EVENINGS AT MONGINI'S AND OTHER STORIES by Russell Lucas

Summit; 262 pages; $18.95

Did you hear the one about the half-Armenian woman in Bombay, with a weakness for baklava, who was introduced by her lover, the procuress, to a gigolo from the Seychelles known as Raper George? When her husband -- a 7-ft., entirely bald Azerbaijani all-in wrestler with gold-capped teeth -- heard about how his wife was spending her lazy afternoons, he hurried over to the small hotel where she was finding her pleasure and . . .

If you didn't happen to catch that tale, but would like to, you are probably the kind of reader who would savor the unlikely hybrids and saucy aromas of Russell Lucas' Bombay streets. A London bank manager for many of his 61 years, the Anglo-Indian Lucas makes his literary debut with a collection of 10 stories as tightly constructed as bejeweled Indian snuffboxes, all odd springs and curious kinks. Nearly every one is pungent with the "damp hessian, methylated spirits and freshly planed deal" of Bombay in the '40s, and colorful families "big in rawolfia serpentina and chinchona bark"; the protagonists are mystics, madmen and hermaphrodites. And nearly all describe episodes of heat and lust, watched through homemade cracks by randy teenage boys. Inside the cunning boxes lie spicy sweetmeats.

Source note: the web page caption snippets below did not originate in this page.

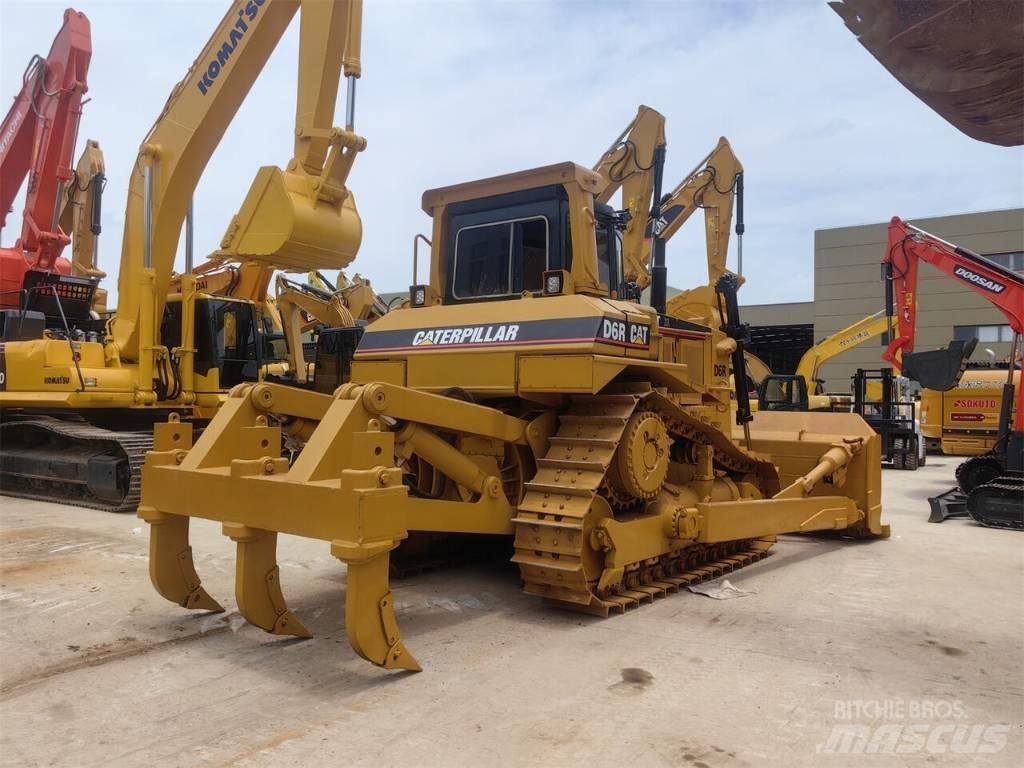 CAT D 6 R Bouteurs sur chenilles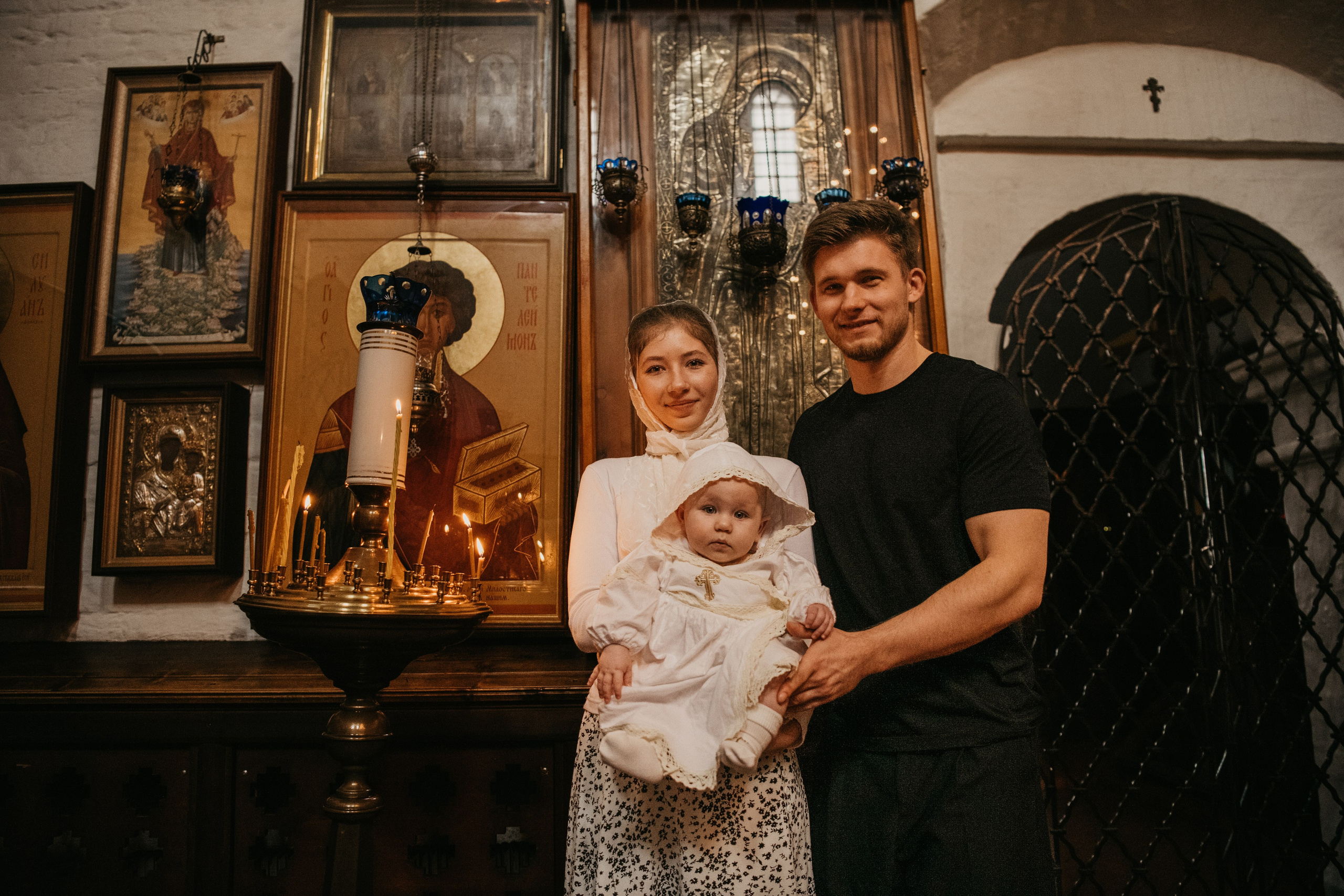 КРЕЩЕНИЕ ЕКАТЕРИНЫ. Фотограф на выписку из роддома в Москве и МО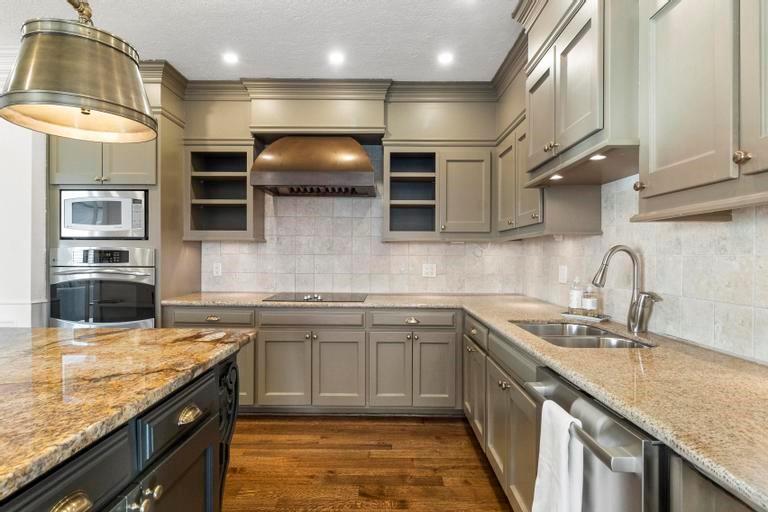 121 W 48th Street Unit: 2005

Beneath the surface exoticism, Lucas still betrays quite a few rough edges. Would any British memsahib, in 1936, refer to an Indian stranger as "cute" ? Or any native of Poughkeepsie, N.Y., talk of "open((ing)) your schmucky gob"? Does the world really need another lecherous British officer dithering, "I say, Lorna, I'm terribly keen on you"? At times, with their perfumed dissolutes and frustrated shrinks, the stories read like crude distillations of the Anglo-Indo-American vignettes of screenwriter-novelist Ruth Prawer Jhabvala, or even like bite-size appetizers for the full-course feast of a Salman Rushdie novel.

If Lucas has yet to show real subtlety or depth, he does, in a couple of instances, come upon a pathos deeper than mere appetite, and reveal, beneath the plump lubriciousness, regrets and surprising pleasures. Characters find themselves reproved by expectation, exiles on all fronts. At their best, his stories have the everyday magic of tall tales overheard at the local tea stall. It is no coincidence, perhaps, that the neighbor who runs away with the Irish fireman's wife in one yarn -- to an ashram in Pondicherry, no less -- goes by the name of Scheherazade.